Cherry tomatoes bring little bursts of sweetness and juice that mingle with the olive oil to create a light, saucy base. Kalamata olives add saltiness and that classic Mediterranean punch, while a squeeze of lemon at the end brightens everything up.
A good glug of olive oil is important, both for flavor and for keeping the fish moist. Fresh herbs like parsley or oregano finish the dish off, but dried herbs work in a pinch if that’s what you have on hand.
Tips for the Best Results

Pat your cod fillets dry before seasoning. This helps them get a little color instead of steaming in their own moisture.
Don’t overcrowd the pan. If your fillets and vegetables are packed too tightly, everything ends up soggy instead of lightly roasted.
Let the dish rest for a minute or two before serving.
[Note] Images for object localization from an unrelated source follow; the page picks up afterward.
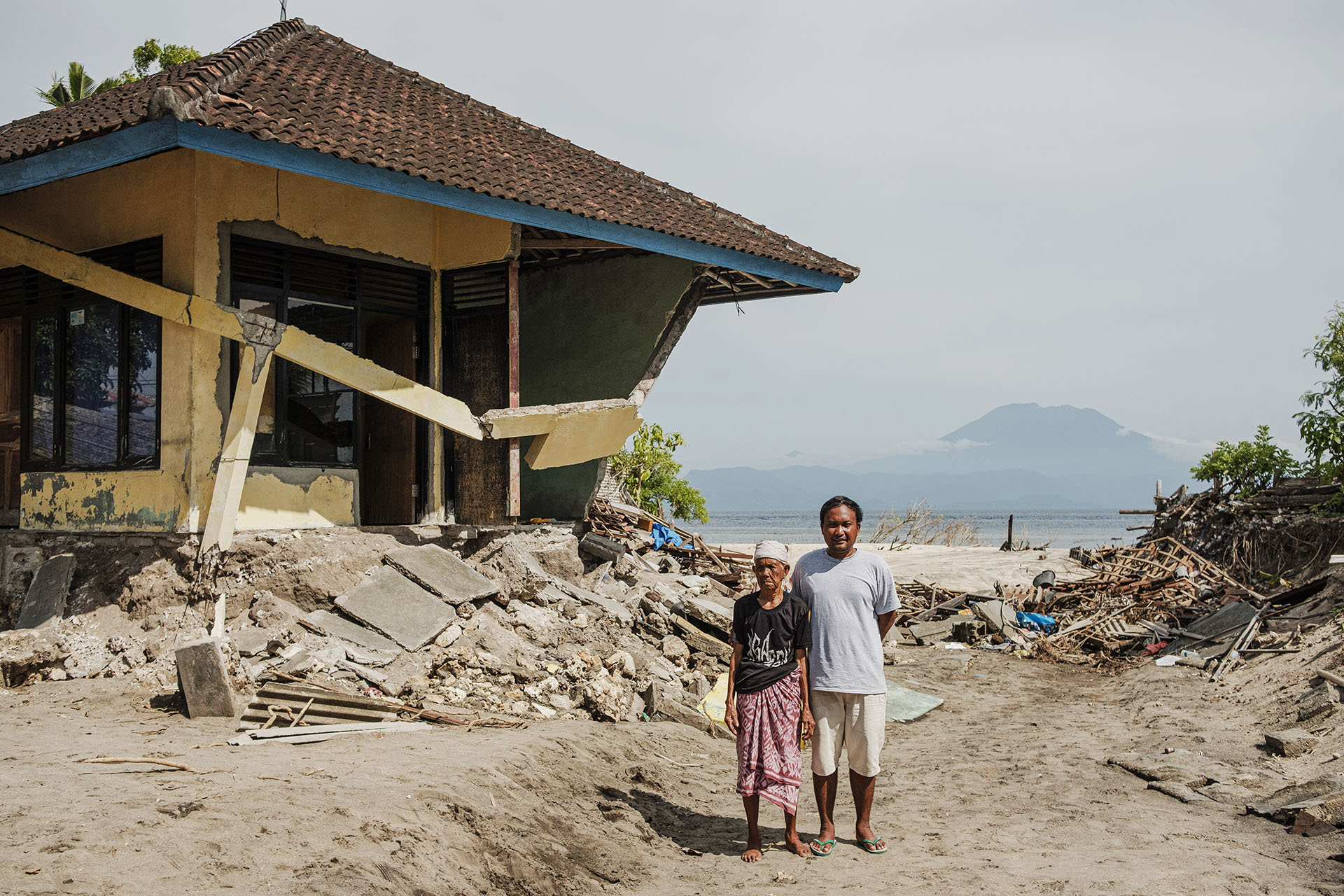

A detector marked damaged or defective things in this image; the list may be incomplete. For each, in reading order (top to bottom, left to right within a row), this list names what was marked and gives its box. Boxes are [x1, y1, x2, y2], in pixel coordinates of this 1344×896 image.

damaged house [0, 19, 860, 553]
window with broken glass [0, 237, 161, 475]
window with broken glass [230, 236, 430, 470]
broken concrete slab [16, 553, 76, 631]
broken concrete slab [306, 607, 403, 655]
broken concrete slab [335, 566, 456, 652]
broken concrete slab [384, 542, 500, 607]
broken concrete slab [173, 636, 236, 720]
broken concrete slab [1263, 730, 1317, 757]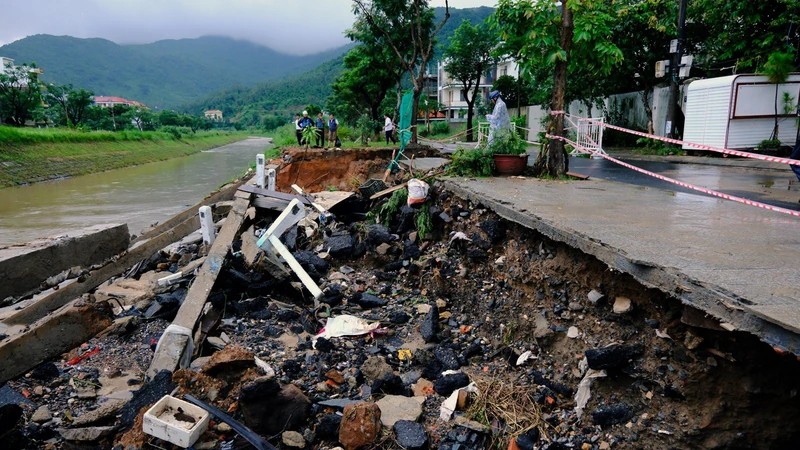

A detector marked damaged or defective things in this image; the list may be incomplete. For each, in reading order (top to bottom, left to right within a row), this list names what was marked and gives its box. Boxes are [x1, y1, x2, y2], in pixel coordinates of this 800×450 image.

heavy rainfall damage [1, 145, 800, 450]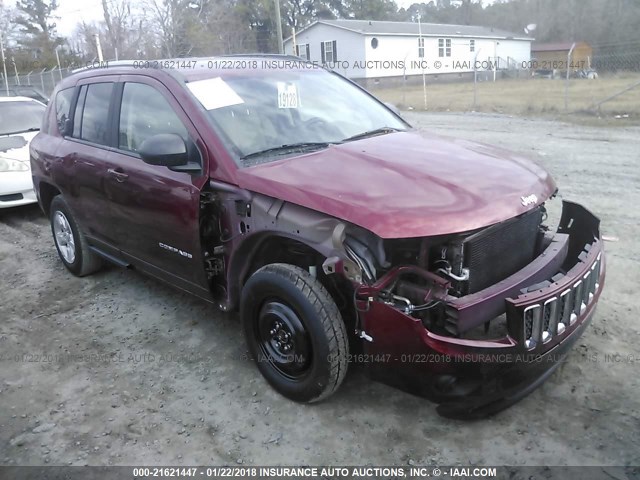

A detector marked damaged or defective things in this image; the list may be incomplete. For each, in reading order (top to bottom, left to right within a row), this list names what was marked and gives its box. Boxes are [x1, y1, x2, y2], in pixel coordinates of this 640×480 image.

damaged hood [238, 131, 556, 238]
damaged front end [340, 199, 604, 420]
This gives the juices a chance to settle and makes plating so much easier.
Storage and Reheating

Leftovers keep well in an airtight container in the fridge for up to two days. Cod is best enjoyed fresh, but it still tastes good the next day, especially with the tomatoes and olive oil soaking into it overnight.
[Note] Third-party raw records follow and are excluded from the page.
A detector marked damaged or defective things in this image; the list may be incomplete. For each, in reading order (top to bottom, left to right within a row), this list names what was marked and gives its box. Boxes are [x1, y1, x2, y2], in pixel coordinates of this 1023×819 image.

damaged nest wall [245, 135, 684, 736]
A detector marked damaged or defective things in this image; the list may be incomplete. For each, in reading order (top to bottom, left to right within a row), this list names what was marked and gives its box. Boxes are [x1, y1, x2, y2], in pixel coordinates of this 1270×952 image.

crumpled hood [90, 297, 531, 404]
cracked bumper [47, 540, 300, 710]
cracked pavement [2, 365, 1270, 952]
To reheat, warm it gently in a covered skillet over low heat or in the oven at a low temperature until just heated through. Avoid the microwave if you can, since it tends to make the fish rubbery.
Frequently Asked Questions

Can I use frozen cod?
Yes, just make sure it’s fully thawed and patted dry before cooking so it browns instead of steaming.
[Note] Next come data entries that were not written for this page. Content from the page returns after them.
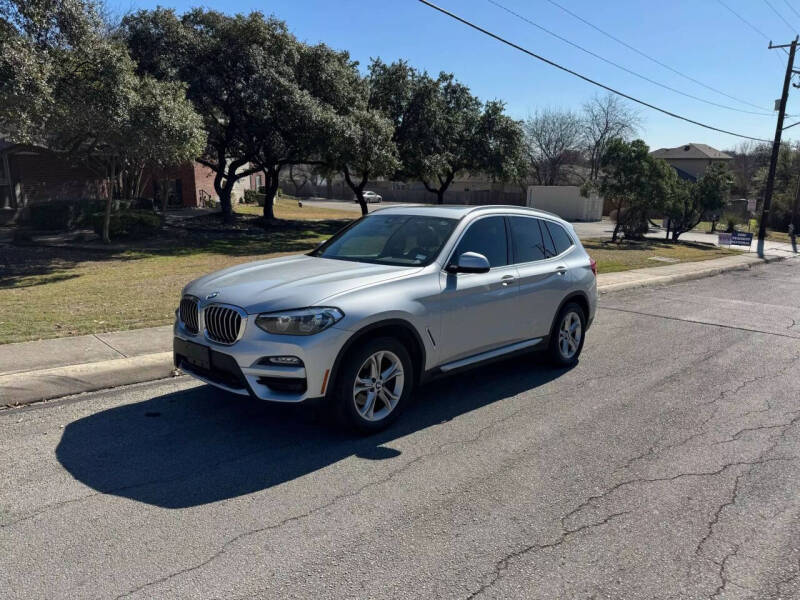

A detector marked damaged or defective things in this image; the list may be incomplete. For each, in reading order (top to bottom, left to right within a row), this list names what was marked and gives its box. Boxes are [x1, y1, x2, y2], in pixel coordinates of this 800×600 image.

cracked asphalt road [1, 260, 800, 596]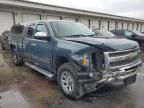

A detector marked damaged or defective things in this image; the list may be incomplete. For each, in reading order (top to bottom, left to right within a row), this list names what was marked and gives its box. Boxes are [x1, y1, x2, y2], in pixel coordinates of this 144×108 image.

damaged chevrolet silverado [8, 20, 142, 99]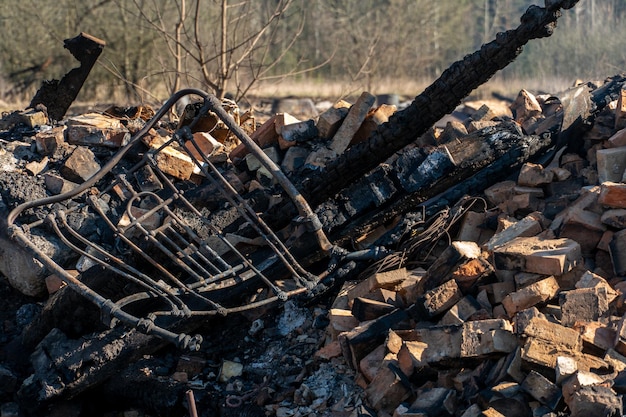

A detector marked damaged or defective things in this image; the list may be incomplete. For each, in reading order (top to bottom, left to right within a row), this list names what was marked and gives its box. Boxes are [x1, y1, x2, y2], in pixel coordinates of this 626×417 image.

charred wooden beam [29, 32, 105, 121]
charred wooden beam [300, 0, 576, 206]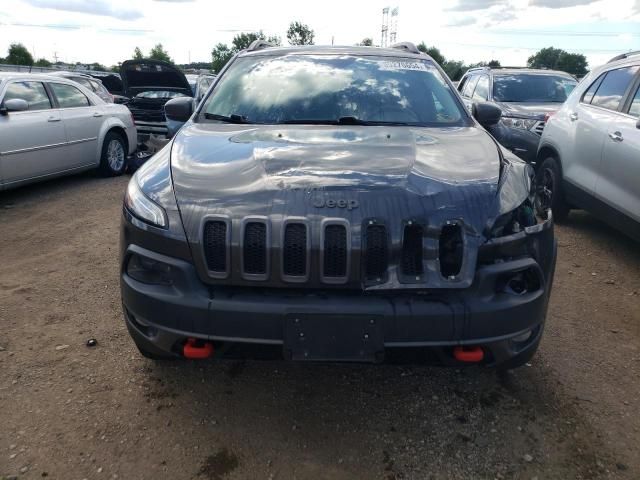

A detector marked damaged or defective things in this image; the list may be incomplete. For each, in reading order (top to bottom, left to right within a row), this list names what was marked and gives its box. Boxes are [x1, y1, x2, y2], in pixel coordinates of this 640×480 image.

crumpled hood [496, 101, 560, 119]
crumpled hood [169, 124, 528, 288]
What can I serve with Mediterranean garlic cod?
Crusty bread, a simple green salad, or rice all work great for soaking up the flavorful pan juices.
Is this recipe spicy?
Not at all. It’s savory and garlicky with a little brightness from lemon, but you can add red pepper flakes if you want some heat.
Can I make this with a different fish?
Absolutely. Halibut, haddock, or even tilapia will work well with the same method and timing.
Mediterranean Garlic Cod

A quick baked cod dish with garlic, cherry tomatoes, olives, and lemon for a light Mediterranean-style dinner.
Ingredients
- 4 cod fillets (6 oz each)
- 4 tablespoons olive oil
- 6 cloves garlic, sliced
- 1 cup cherry tomatoes, halved
- 1/2 cup kalamata olives, pitted
- 1 lemon, juiced
- 1 teaspoon dried oregano
- 2 tablespoons fresh parsley, chopped
- 1/2 teaspoon salt
- 1/4 teaspoon black pepper
Instructions
- Step 1. Preheat oven to 400°F (200°C).
- Step 2. Pat cod fillets dry and place in a baking dish.
- Step 3. Season fillets with salt, pepper, and oregano.
- Step 4. Scatter garlic, cherry tomatoes, and olives around the fish.
- Step 5. Drizzle olive oil evenly over the fish and vegetables.
- Step 6. Bake for 15-18 minutes, until cod flakes easily with a fork.
- Step 7. Squeeze fresh lemon juice over the dish.
- Step 8. Top with chopped parsley and serve warm.